Proceedings Volume Organic Electronics and Photonics: Fundamentals and Devices II, 1136504 https://doi.org/10.1117/12.2552237
Light-emitting electrochemical cells (LECs) are highly efficient, air-stable, low-cost, and single-layered lighting sources fabricated using up-scalable and sustainable solution-based techniques.[1] They consist of two electrodes sandwiching a thin film of electroluminescent material doped with ionic electrolyte, that allows for charge transport, recombination, and light-emission processes. In this context, white LECs (WLECs) still represents a challenge. Commonly, the active layer is constituted by a mixture of blue, green, red ionic transition metal complexes (iTMCs), or conjugated polymers, reaching efficacy of >10 cd/A, stability of tens of hours, and luminances of 10,000 cd/m2. Herein, the most recent advances in our group are described.

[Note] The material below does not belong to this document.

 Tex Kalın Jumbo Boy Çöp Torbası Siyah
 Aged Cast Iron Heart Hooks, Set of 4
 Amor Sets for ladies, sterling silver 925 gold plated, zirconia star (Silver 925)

Firstly, deep-red emitting Cu-iTMCs were reported. They featured high irradiances (>100 μW/cm2, long stabilities of > 20 h and excellent color stability (x/y 0.66/0.32).[3] By combining the best performing Cu-iTMC, featuring Xantphos as P^P ligand, with the high-bandgap hole transport material 4,4′-Bis(9-carbazolyl)-1,1′-biphenyl (CBP), proof-of-concept WLECs with x/y color coordinates of 0.32/0.31, and high CRI of 92 were achieved. These results open the way to fabricate all-Cu(I) based WLECs.

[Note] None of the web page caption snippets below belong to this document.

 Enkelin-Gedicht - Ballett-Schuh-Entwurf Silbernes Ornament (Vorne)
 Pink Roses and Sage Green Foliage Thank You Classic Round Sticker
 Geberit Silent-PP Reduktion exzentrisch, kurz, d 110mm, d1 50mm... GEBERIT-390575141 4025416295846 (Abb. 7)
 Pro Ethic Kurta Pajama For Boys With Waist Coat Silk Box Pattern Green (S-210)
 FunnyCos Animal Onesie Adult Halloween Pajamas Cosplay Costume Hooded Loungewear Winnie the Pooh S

Secondly, we reported on a hexa-peri-hexa-benzoborazinocoronene that gave rise to single-component WLECs luminances of 50 cd/m2, stabilities of 25 h and efficacy of 3.1 cd/A when driven at pulsed current of 5 mA, and with electroluminescence spanning the whole visible range – i.e., x/y CIE coordinates of 0.29-31/0.31-38 and average color rendering index (CRI) of 87.[4] We rationalized the electroluminescence behavior consisting of a ternary emission mechanism involving fluorescence and thermally activated dual phosphorescence. The latter is enhanced by both temperature, which can be as high as 80 °C upon device driving, and electric field. This represents the first example of ternary emission activated in lighting devices.
[1] a) E. Fresta, R. D. Costa, J. Mater. Chem. C 2017, 5, 5643. b) R. D. Costa, Light-emitting electrochemical cells. Concepts, advances and challenges.; 1st ed.; Springer International Publishing: Basel, 2017.
[2] E. Fresta, M. D. Weber, J. Fernández-Cestau, R. D. Costa, Adv. Opt. Mater. 2019, DOI: 10.1002/adom.201900830.
[3] J. Dosso, J. Tasseroul, F. Fasano, D. Marinelli, N. Biot, A. Fermi, D. Bonifazi, Angew. Chem. Int. Ed. 2017, 56, 4483.
[4] E. Fresta, J. Dosso, J. Cabanillas-Gonzalez, D. Bonifazi, R. D. Costa, Adv. Funct. Mater. 2019, under reviewer.